7.Number of remakes.
Your optical shop staff should be experts at preventing and troubleshooting prescription complaints to limit remakes, says Joy Gibb, an optical manager and consultant. You don’t shell out for the cost of remakes immediately, but if you have a high remake rate, you will most certainly pay more when it comes time to set terms with your lab, she warns.
Tip: You can get remake stats from your lab. Ask them about how your optical’s data compares to other opticals your lab serves.
8. Staff incentives.
Skip spiffs, experts advise. Create an incentive system that encourages your optical staff to sell as a team and to suggest the products that truly benefit your clients.
9. Technology that can protect or enhance your profits.
We’re talking about much more than virtual try-on software here.
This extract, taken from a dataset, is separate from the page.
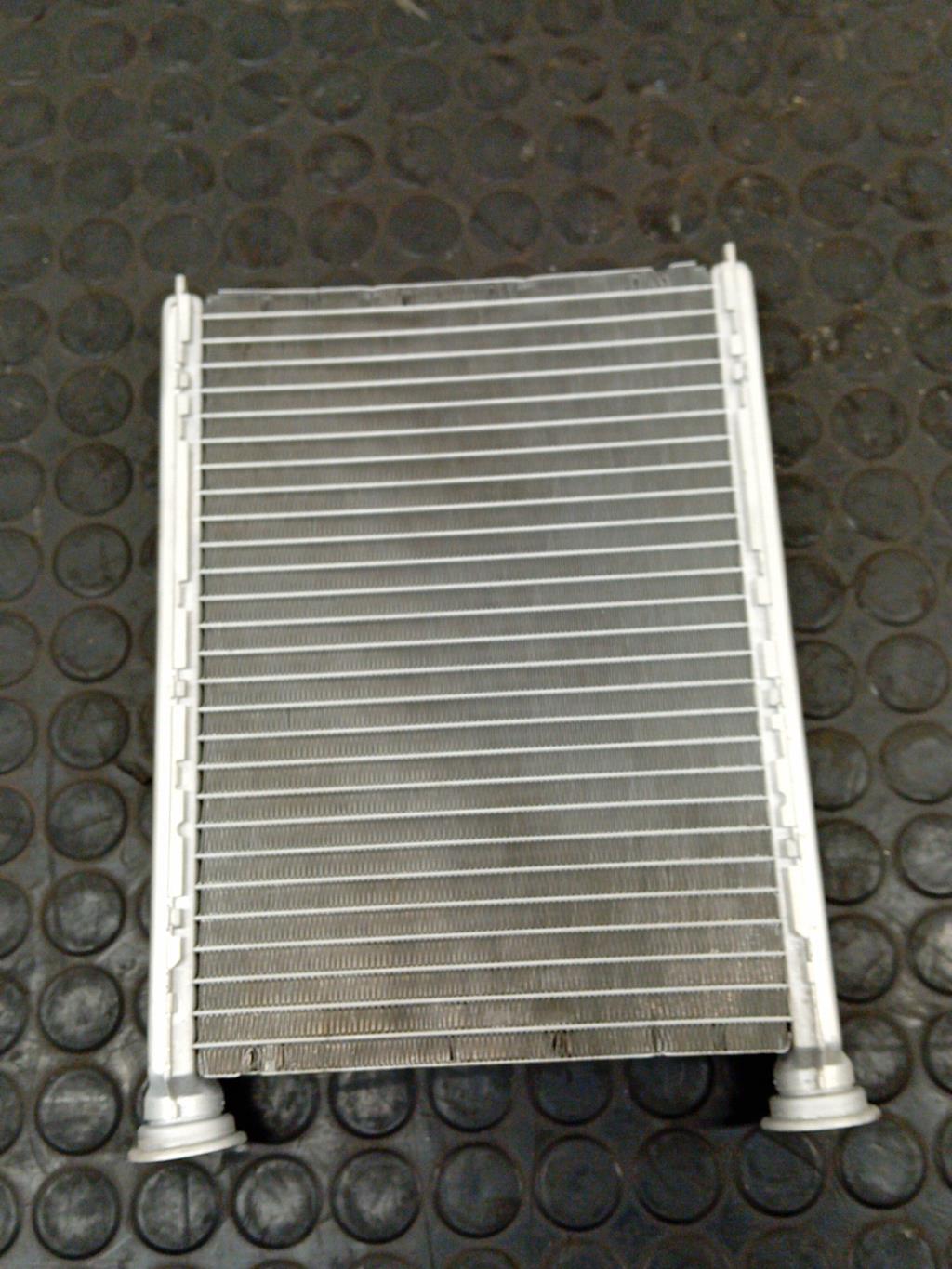 Radiateur chauffage RENAULT MEGANE 3 PHASE 1 Diesel - 1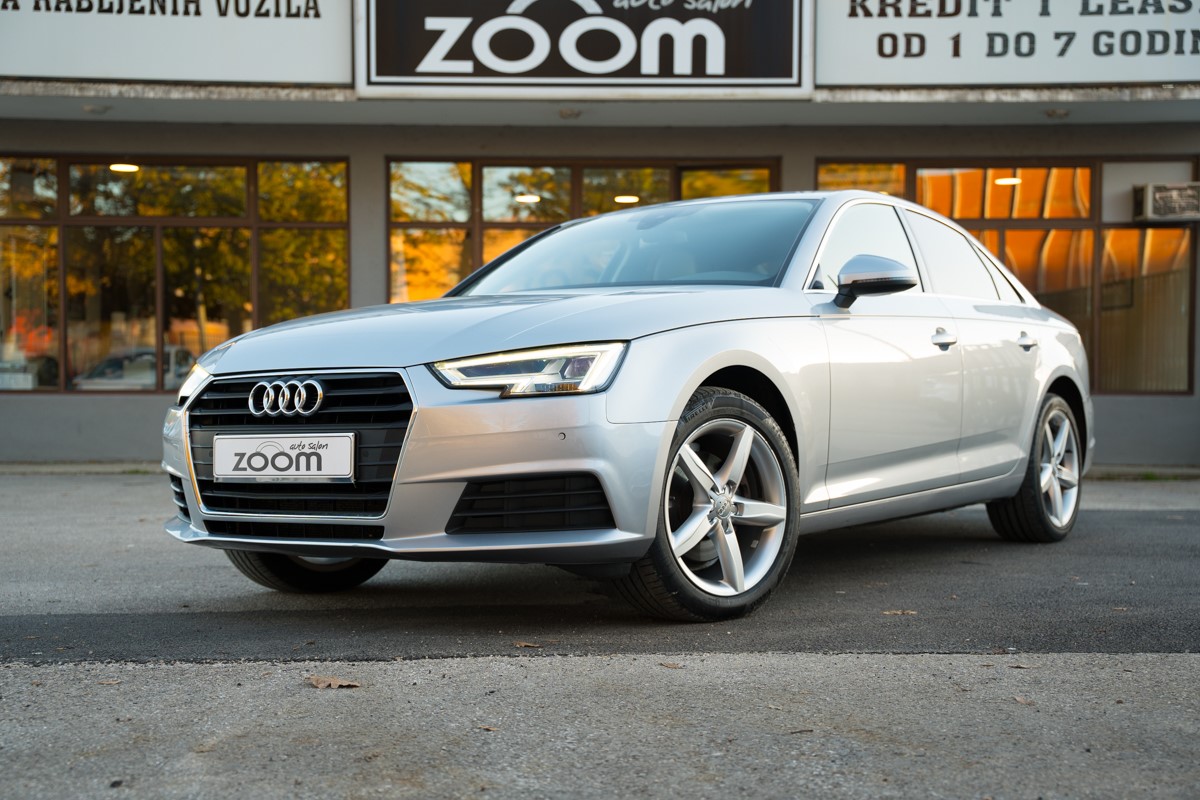 Audi A4
 35 TDI S-tronic Bussines Line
Some of your dispensary profits are walking out the door with shoplifters or with staff looking to make some extra money, especially if you carry designer frames. A basic camera surveillance system costs about $1500 per location and will save you thousands, says Johnson.
Cameras can also protect your inventory from the employee who’s squirreling away 300 of your frames in her basement and selling them on eBay. (This is a true horror story I heard from an optical manager attending Vision Expo West.) If you report and prosecute thefts, criminals looking to supply the black market will learn to avoid your practice.
Another good technological investment that helps you grab opportunities: a paging system that allows the optometrist to page the optician as the exam concludes for a smoother hand off. Johnson saw a $7,000-a-day uptick when he implemented a paging system at his seven-location practice, according to a recent Vision Monday article.